> DATA RECORDS
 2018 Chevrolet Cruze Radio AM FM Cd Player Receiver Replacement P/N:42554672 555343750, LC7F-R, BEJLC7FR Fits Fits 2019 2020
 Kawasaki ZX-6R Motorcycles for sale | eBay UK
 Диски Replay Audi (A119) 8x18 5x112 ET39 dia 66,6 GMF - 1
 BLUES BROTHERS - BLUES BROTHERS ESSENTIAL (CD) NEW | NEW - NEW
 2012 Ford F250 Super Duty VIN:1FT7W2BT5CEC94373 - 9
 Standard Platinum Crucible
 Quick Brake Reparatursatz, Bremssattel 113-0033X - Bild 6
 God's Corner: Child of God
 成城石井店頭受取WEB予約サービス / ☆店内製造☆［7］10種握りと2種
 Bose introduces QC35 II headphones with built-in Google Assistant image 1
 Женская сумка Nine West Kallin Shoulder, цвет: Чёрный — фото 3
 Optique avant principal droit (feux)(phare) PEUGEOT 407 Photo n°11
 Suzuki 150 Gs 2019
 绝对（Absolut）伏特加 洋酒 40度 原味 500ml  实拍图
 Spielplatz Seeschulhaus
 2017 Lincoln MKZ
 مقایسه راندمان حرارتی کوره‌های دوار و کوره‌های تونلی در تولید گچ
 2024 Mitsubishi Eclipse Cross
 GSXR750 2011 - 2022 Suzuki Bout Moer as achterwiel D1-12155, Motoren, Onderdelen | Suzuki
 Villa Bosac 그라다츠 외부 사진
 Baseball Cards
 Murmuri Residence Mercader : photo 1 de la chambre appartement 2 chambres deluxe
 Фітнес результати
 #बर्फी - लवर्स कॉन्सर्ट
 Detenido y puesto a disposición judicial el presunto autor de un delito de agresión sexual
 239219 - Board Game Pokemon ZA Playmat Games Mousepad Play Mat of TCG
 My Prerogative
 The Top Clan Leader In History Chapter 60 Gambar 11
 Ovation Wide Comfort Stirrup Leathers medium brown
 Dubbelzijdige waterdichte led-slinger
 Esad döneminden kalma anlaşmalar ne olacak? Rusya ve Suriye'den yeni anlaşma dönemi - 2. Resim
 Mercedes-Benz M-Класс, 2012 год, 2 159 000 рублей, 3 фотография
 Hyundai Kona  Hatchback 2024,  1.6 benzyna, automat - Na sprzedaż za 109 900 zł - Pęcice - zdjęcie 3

> WHAT TO PRODUCE
Look through the listing above and copy each line with the word "Suzuki" in it.

> RESPONSE BELOW
 Suzuki 150 Gs 2019
 GSXR750 2011 - 2022 Suzuki Bout Moer as achterwiel D1-12155, Motoren, Onderdelen | Suzuki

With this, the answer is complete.